‘One could live here forever but being neither a fisherman nor a farmer but only a painter, I’m forced to come back to city life to sell work – and hope to save enough to come back to Connemara.’
Gerard Dillon, writing for Ireland of the Welcomes, May/June 1955

Across from Inishlacken is Gerard Dillon’s ode to the West of Ireland - its people and its landscape. A horse gallops across white sands, a currach makes headway in the sea beyond which white, thatched cottages can be seen nestled on Inishlacken, while in the foreground a romance unfolds between a local fisherman and girl.

Dillon’s first encounter with Connemara in 1939 was a revelatory moment in the artist’s career. The beauty of the landscape and the simplicity of the way of life was far removed from Dillon’s upbringing within the terraced houses of Belfast and the socio-political tensions of the time. As his friend, critic and former director of the National Gallery of Ireland, James White, observed, the occupants of this untouched idyll captivated the young artist: ‘the changes of costumes, speaking voices and general easy pace of the life of the people… caught him unawares.’ They were, in essence, ‘the visible symbols of the country he had dimly dreamt of and idyllically desired to belong to’ (James White, Gerard Dillon, An Illustrated Biography, 1994, p.34).

This enchantment with the West produced some of Dillon’s most significant paintings, and the body of work that represents his visits there rank among the most recognisable and celebrated in the canon of 20th century Irish art. The present painting dates to circa 1951 - the year that Dillon had been offered the use of a cottage on the remote island of Inislacken just off Roundstone, and to whom he invited fellow artists George Campbell and James MacIntyre to join him (documented forty years later in James MacIntyre’s Three Men on an Island, 1996).

Dillon was an untutored artist - he had abandoned classes at the Belfast School of Art, mindful that they might corrupt the simplicity and originality that he strove for in his paintings. Dillon sought a poetic, personal and expressive approach in his art, and to this end cultivated a naive, child-like manner. When a friend remarked a child might have painted some of his pictures, Dillon replied:

that is the greatest compliment you could pay me, I am always trying to see with a child's innocence and sincerity.
James White, 'Gerard Dillon, An Illustrated Biography', 1994, p. 59

This instinctive, untutored approach shares parallels with the aims of British Modernism in the early 20th century, famously represented in the paintings of the retired mariner Alfred Wallis, discovered in St Ives by Ben Nicholson and Christoper Wood in 1928. The freshness, vitality and directness of Wallis’ work which inspired Nicholson, Wood (see lot 2) and future generations is equally seen in Dillon’s art, exemplified in Across from Inishlacken but arrived at on his own terms.
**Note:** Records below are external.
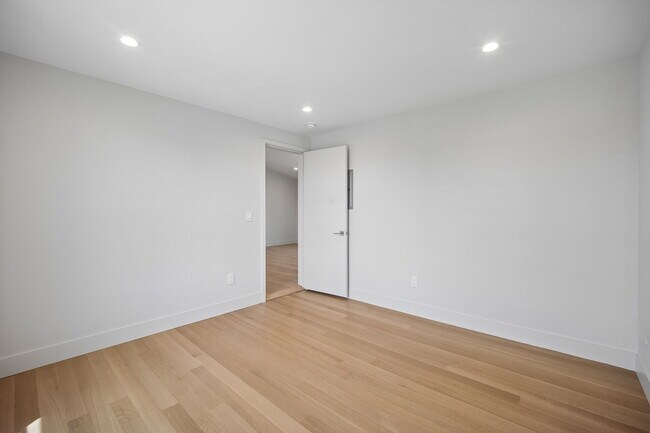 Building Photo - 75 Midland Ave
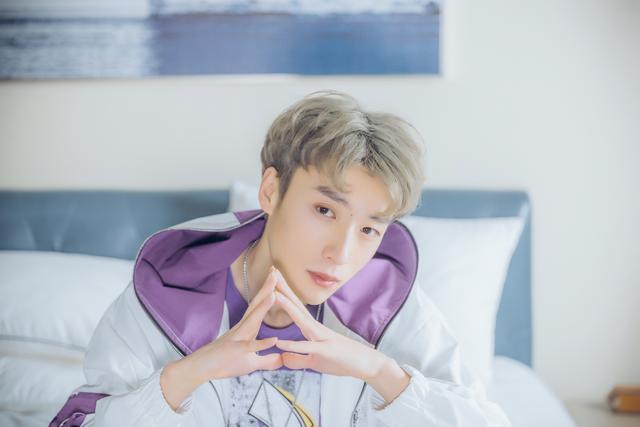 心中的自己李萌（李萌发行新歌我不想和你一样）(3)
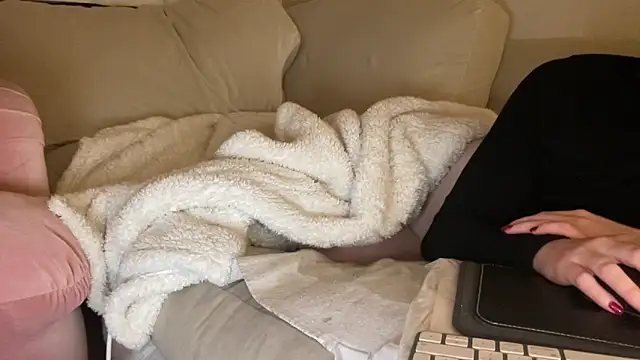 ijustturned18today's cam snapshot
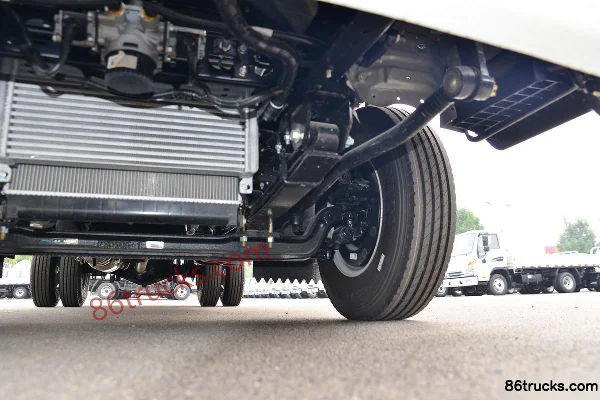 JAC Yunduoduo N6 140 hp 4X2(6 wheels) 4.15m single-row van truck (6-speed) Chassis (3) | 86Trucks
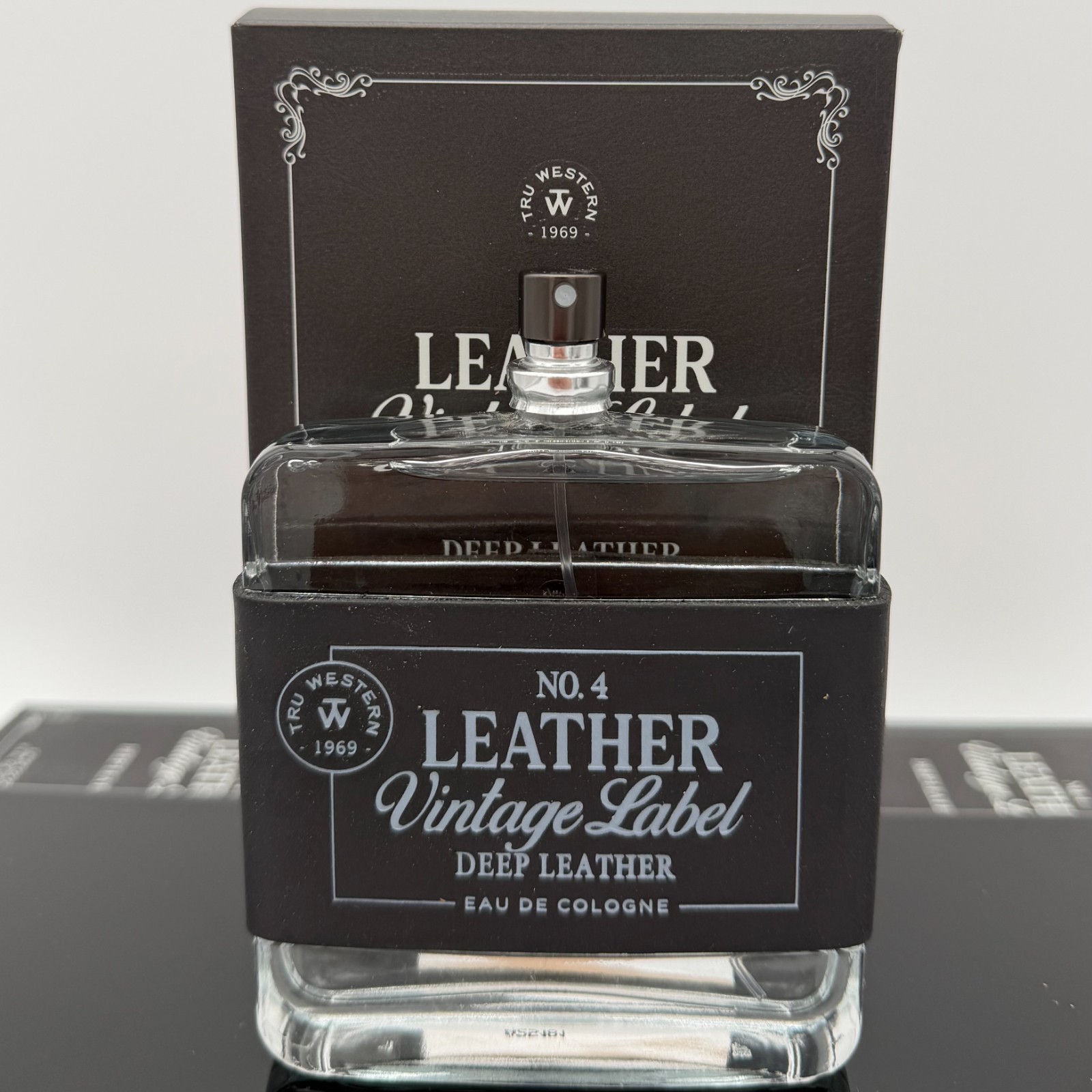 Tru Western Men\'s Vintage Label Deep Leather No 4. 3.4oz Cologne 98089 No cap Tru Western Men\'s Vintage Label Deep Leather No 4. 3.4oz Cologne 98089 No cap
The painting was bought from Victor Waddington, Dillon’s dealer, by Alfred Chester Beatty - the renowned mining engineer from America, art collector and philanthropist who moved to Ireland in 1950. Acquired shortly after it was painted, perhaps the work embodied the spirit of Beatty’s new homeland, or was purchased as a gift for his second wife, Edith, who was ill at the time (she died in 1952). Edith’s passion for horse racing or the romantic subject might have made it a perfect gift. Whatever the motivations, the work is assuredly one of Dillon’s most evocative paintings, and a major example to re-appear on the open market.

'My numerous stays in Connemara have always been heaven...’
(Dillon, 'Connemara is Ireland to me’, quoted in James White, Gerard Dillon, An Illustrated Biography, 1994, p.72).